Mike Replies: Your comment reminds me of a well-known photographer who was approached by a patron at an opening. The patron asked why the photographer's pictures were on the wall of the gallery and his (the patron's) weren't. The photographer looked at him with a deadpan expression and in a very dry tone of voice said, "because mine are great and yours are shit."

Rimshot, please....

Jokes aside, thanks for your compliment, but I'm hardly a "great" photographer. My pictures seldom get singled out for praise or attention. I'm quite certain that the reason this one got selected for Flak Photo was that the guy who runs Flak Photo liked it. That's all.

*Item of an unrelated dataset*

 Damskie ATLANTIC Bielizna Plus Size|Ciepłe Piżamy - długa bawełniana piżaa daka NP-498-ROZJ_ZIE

Your comment raises a lot of different issues, but it also contains an awful lot of assumptions that might or might not be supportable. As for the issue of "randomness"—it's usually not very random, in my experience. In my case it's that I've established a photography website that gets 15,000 or so hits a day (a number I'm proud of, but I'm still a very little fish in the ocean of the web), so when I put up one of my pictures, a number of people see it. It took me a lot of work to get to this point. That's hardly random. The same is true of many people whose pictures you may think get attention "randomly." It's probably not random at all; it's probably because they worked very hard to get where they are. Maybe you think your pictures are better than theirs, but the difference may be that they've worked to get theirs seen and maybe you haven't.

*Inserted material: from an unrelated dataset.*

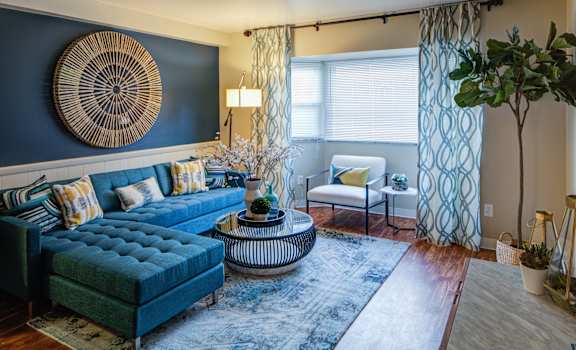 Trendy Living Room at Heritage Apartments, Columbus, OH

Second, if the pictures you're discarding look just like the ones you keep seeing on gallery walls, STOP DISCARDING THEM!

I'm serious, too. I really do think that most photographers don't know their own best work. Many photographers probably really do discard their very best shots.

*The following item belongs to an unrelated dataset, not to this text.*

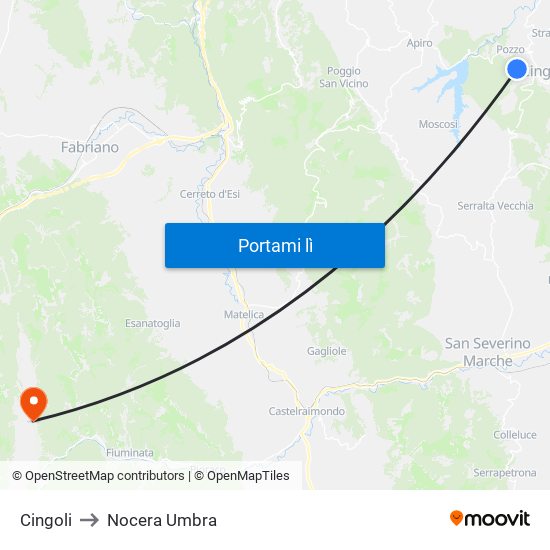 Cingoli to Nocera Umbra map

Next, where is it written that everybody has to agree what's great? Do we all have to agree which women are prettiest, which sport is most fun, which music is good and bad, what kind of food tastes best? Sorry, but I don't understand this. Some people like certain of your pictures and others don't like the very same ones? Well, the nerve of those people.

There's nothing monolithic about "art" or the photographs that get shown on gallery walls. It's not like it's one big club where everyone who gets attention is a big success and they've collectively decided to keep you out. It's a great big stew of advocacy and advantage, serendipity and bad breaks, unfair conditions, luck, hard work, persistence, the trading of favors, and money, and on and on and on. Do you have any idea how many "successful" art photographers in history were simply people who had money? They made their own fame, but the opportunity they got was boughten. And for what it's worth, maybe half of the "great" photographers I've met or befriended think they've been unfairly ignored and that they haven't gotten their share of the pie. So it's not just you.

Featured Comment by Chuck A: "Finding fame in the photographic art world is like trying to hit the bullseye on a dartboard from 50 feet away. It takes an enormous amount of trial and error and lots of luck. The vast majority of photographers will net even get close.

"Whether or not you become famous or get 'a piece of the pie' as Mike said is irrelevant. Why not take photos for yourself, hone your vision and skill and show your work as much as you can. If you get known well that is great. But I really think that it is like grasping at the wind."